[Data excerpts — start]

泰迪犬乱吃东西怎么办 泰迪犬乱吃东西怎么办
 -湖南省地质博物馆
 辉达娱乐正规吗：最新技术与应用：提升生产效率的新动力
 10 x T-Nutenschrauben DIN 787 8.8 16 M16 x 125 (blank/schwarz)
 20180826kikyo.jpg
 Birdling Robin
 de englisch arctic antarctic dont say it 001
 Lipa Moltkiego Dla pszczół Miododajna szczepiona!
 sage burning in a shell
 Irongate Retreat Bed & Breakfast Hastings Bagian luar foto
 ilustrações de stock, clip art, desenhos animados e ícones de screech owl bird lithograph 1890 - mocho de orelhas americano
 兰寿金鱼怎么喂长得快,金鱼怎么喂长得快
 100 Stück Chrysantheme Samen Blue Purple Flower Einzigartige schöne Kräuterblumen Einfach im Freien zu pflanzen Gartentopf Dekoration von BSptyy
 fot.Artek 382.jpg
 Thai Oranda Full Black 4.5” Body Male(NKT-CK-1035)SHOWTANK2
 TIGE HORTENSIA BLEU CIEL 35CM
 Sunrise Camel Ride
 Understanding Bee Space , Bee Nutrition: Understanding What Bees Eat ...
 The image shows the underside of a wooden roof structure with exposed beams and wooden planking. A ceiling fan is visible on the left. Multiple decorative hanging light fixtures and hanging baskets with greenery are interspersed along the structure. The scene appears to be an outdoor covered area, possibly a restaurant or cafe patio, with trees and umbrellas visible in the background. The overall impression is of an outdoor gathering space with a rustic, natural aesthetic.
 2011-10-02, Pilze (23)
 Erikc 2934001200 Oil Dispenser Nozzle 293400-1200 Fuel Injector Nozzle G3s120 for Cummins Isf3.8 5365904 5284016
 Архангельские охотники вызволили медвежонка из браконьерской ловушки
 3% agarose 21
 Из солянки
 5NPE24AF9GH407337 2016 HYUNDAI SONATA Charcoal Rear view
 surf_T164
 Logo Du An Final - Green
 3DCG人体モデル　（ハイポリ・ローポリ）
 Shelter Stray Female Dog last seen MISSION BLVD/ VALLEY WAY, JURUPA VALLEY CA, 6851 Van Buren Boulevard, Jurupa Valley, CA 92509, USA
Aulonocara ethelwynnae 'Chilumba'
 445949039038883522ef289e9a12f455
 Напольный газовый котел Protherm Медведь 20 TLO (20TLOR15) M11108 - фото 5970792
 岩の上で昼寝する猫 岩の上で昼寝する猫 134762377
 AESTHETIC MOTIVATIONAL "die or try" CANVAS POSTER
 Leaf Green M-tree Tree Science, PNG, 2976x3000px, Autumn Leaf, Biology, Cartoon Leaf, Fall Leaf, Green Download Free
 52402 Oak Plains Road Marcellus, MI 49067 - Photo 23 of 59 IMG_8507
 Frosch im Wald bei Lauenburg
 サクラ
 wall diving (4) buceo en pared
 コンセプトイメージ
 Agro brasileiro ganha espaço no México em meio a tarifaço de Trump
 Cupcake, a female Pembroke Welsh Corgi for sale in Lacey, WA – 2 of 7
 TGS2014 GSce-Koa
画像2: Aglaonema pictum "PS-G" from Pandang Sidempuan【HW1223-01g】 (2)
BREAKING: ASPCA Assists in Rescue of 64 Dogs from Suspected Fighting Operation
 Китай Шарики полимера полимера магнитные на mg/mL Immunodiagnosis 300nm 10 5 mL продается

[Data excerpts — finish]

Give every entry back unchanged. Leave none out.

泰迪犬乱吃东西怎么办 泰迪犬乱吃东西怎么办
 -湖南省地质博物馆
 辉达娱乐正规吗：最新技术与应用：提升生产效率的新动力
 10 x T-Nutenschrauben DIN 787 8.8 16 M16 x 125 (blank/schwarz)
 20180826kikyo.jpg
 Birdling Robin
 de englisch arctic antarctic dont say it 001
 Lipa Moltkiego Dla pszczół Miododajna szczepiona!
 sage burning in a shell
 Irongate Retreat Bed & Breakfast Hastings Bagian luar foto
 ilustrações de stock, clip art, desenhos animados e ícones de screech owl bird lithograph 1890 - mocho de orelhas americano
 兰寿金鱼怎么喂长得快,金鱼怎么喂长得快
 100 Stück Chrysantheme Samen Blue Purple Flower Einzigartige schöne Kräuterblumen Einfach im Freien zu pflanzen Gartentopf Dekoration von BSptyy
 fot.Artek 382.jpg
 Thai Oranda Full Black 4.5” Body Male(NKT-CK-1035)SHOWTANK2
 TIGE HORTENSIA BLEU CIEL 35CM
 Sunrise Camel Ride
 Understanding Bee Space , Bee Nutrition: Understanding What Bees Eat ...
 The image shows the underside of a wooden roof structure with exposed beams and wooden planking. A ceiling fan is visible on the left. Multiple decorative hanging light fixtures and hanging baskets with greenery are interspersed along the structure. The scene appears to be an outdoor covered area, possibly a restaurant or cafe patio, with trees and umbrellas visible in the background. The overall impression is of an outdoor gathering space with a rustic, natural aesthetic.
 2011-10-02, Pilze (23)
 Erikc 2934001200 Oil Dispenser Nozzle 293400-1200 Fuel Injector Nozzle G3s120 for Cummins Isf3.8 5365904 5284016
 Архангельские охотники вызволили медвежонка из браконьерской ловушки
 3% agarose 21
 Из солянки
 5NPE24AF9GH407337 2016 HYUNDAI SONATA Charcoal Rear view
 surf_T164
 Logo Du An Final - Green
 3DCG人体モデル　（ハイポリ・ローポリ）
 Shelter Stray Female Dog last seen MISSION BLVD/ VALLEY WAY, JURUPA VALLEY CA, 6851 Van Buren Boulevard, Jurupa Valley, CA 92509, USA
Aulonocara ethelwynnae 'Chilumba'
 445949039038883522ef289e9a12f455
 Напольный газовый котел Protherm Медведь 20 TLO (20TLOR15) M11108 - фото 5970792
 岩の上で昼寝する猫 岩の上で昼寝する猫 134762377
 AESTHETIC MOTIVATIONAL "die or try" CANVAS POSTER
 Leaf Green M-tree Tree Science, PNG, 2976x3000px, Autumn Leaf, Biology, Cartoon Leaf, Fall Leaf, Green Download Free
 52402 Oak Plains Road Marcellus, MI 49067 - Photo 23 of 59 IMG_8507
 Frosch im Wald bei Lauenburg
 サクラ
 wall diving (4) buceo en pared
 コンセプトイメージ
 Agro brasileiro ganha espaço no México em meio a tarifaço de Trump
 Cupcake, a female Pembroke Welsh Corgi for sale in Lacey, WA – 2 of 7
 TGS2014 GSce-Koa
画像2: Aglaonema pictum "PS-G" from Pandang Sidempuan【HW1223-01g】 (2)
BREAKING: ASPCA Assists in Rescue of 64 Dogs from Suspected Fighting Operation
 Китай Шарики полимера полимера магнитные на mg/mL Immunodiagnosis 300nm 10 5 mL продается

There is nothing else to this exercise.